First, we're going to be discussing what supply chain in the context of software really looks like, and why malicious actors are starting to target supply chain systems in order to implement some of their successful attacks. We'll start off by that discussion, and then once we get through that piece of the presentation, we'll move over to have Paul then jump in with some practical recommendations and examples of how we can bring security and compliance enforcement into your DevOps tool chains today to try to prevent some of these attacks. So, starting with a lot of what we've been seeing these days, in terms of the bad headlines, right?

We see a lot of really prominent and serious security incidents over the last several months. Namely, some of the more prominent ones, SolarWinds was definitely something that caught the attention of the security world. And in addition, more recently, there's another one from another company called Codecov. And we see a lot of these incidents using a phrase associated with what's going on, and that's supply chain risks, supply chain security, and a number of customers that are impacted by these events. And we wanted to have a discussion about really exploring what that means and what's happening in these incidents.

And we can start with this kind of typical iceberg view, and that what we're seeing above the surface is a lot of discussion about what happened, the sort of top-level hack and the exploits and things that are compromising customers and pretty large enterprise organizations associated somehow to some other element in the so-called supply chain. And really, though, if we look into what actually started the whole incident, a lot of those attacks, especially in the supply chain security world, are targeting software suppliers and/or open source dependencies, something very much earlier in the story than where the attack actually happened, where the damage was caused.

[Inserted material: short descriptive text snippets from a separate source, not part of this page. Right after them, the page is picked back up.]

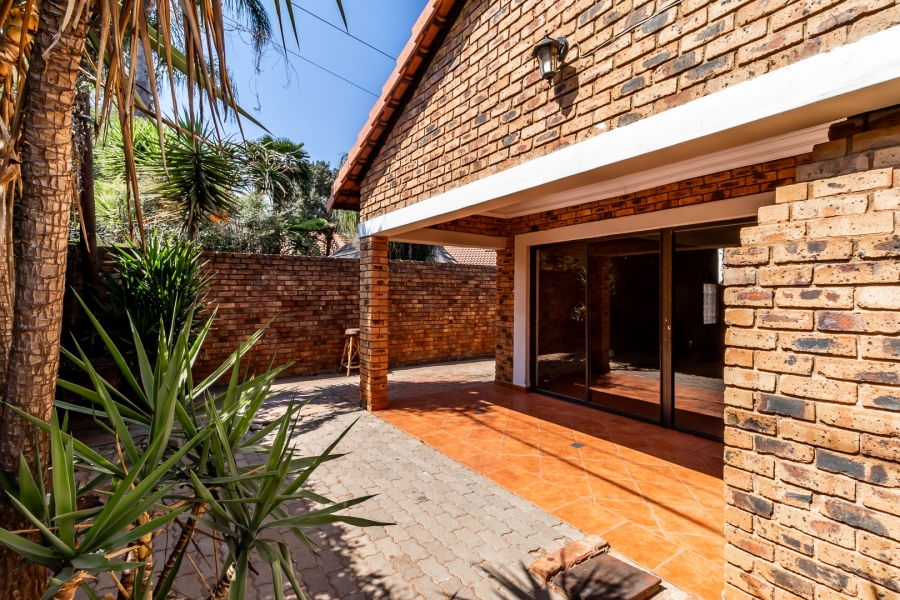 To Let 3 Bedroom Property for Rent in Waverley Gauteng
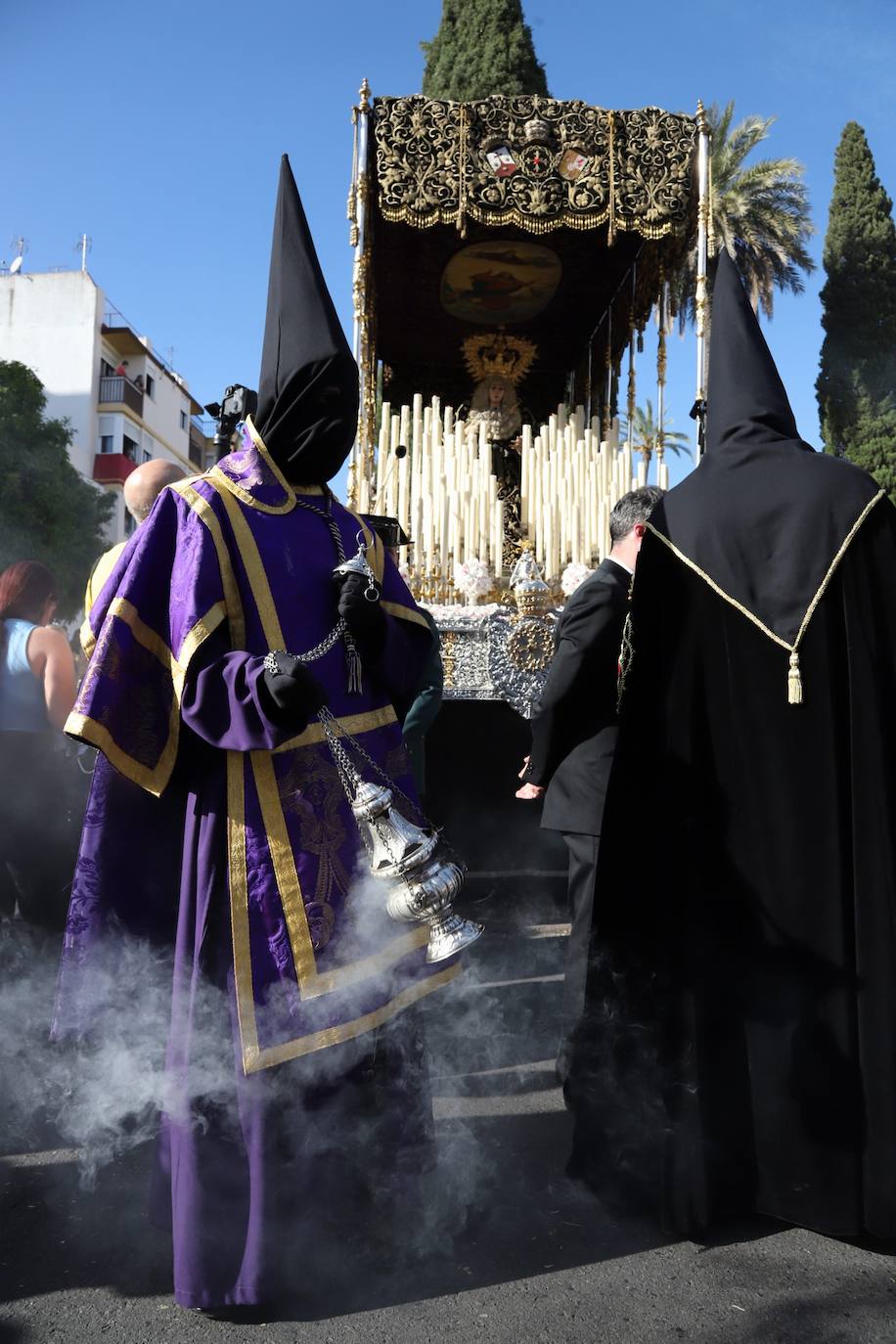 Las estampas del peso de los siglos en el Caído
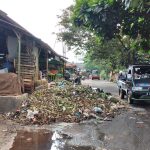 TIMBULKAN BAU MENYENGAT: Hampir dua bulan kondisi tumpukan sampah yang belum terangkut di Pasar Gedebage. (HENDRIK MUCHLISON/JABAR EKSRPES)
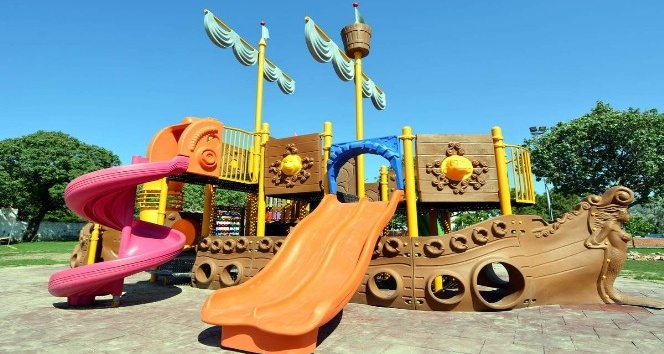 Aliağa’daki Uzunhasanlar çocuk oyun parkına kavuştu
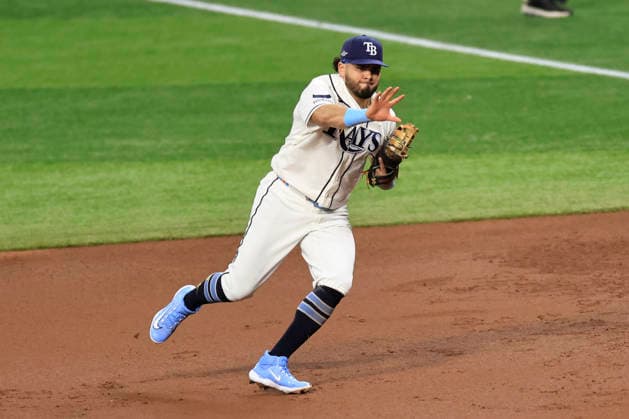 October 3, 2026, St. Petersburg, Florida, USA: Tampa Bay Rays first baseman Jonathan Aranda (8) gets the unassisted out on New York Yankees right fielder Spencer Jones (78) during the second inning of game one of the ALDS for the 2026 MLB, Baseball Herren, USA Playoffs on October 3, 2026 at Tropicana Field. The Rays beat the Yankees 1-0. St. Petersburg USA - ZUMAh180 20261003_zsp_h180_079 Copyright: xKimxHukarix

And we can see this by evaluating what is a supply chain and look at it from a couple of different perspectives. The first perspective is from the consumer view. That is any organization that is actually deploying production software. We might have something internal that we're running in production, or it might even be internet facing, might be a website, an application, whatever that may be. At the end of the day, that's the software that's executing, and we call those the consumers. And from a consumer's perspective, they know, "This is my application that's actually running in production.

And in order to get that application to run, I depend on a number of different software elements that are all composed together to provide that production environment." Those can be other software suppliers. They can be open source software that comes in, that all in aggregate comes together to form the actual application. Interestingly, though, from a supplier view, if we as a software supplier look at what we have visibility into, it looks a little different and starts to expand out. And this is where we start to see a chain sort of forming.

We know as the software supplier who our consumer is. We also know that as a software supplier, we ourselves are in a sense the consumer, because we're bringing in other software from other software suppliers and open source projects to build our own software and then deliver that to the consumer. If we zoom out another level and say if we're just an observer and we're not taking from any particular perspective inside the chain, but just in general, the chain or the graph starts to look something like this, which every software supplier is themselves a supplier, and there's a lot of open source elements in here, a lot of different pieces of software.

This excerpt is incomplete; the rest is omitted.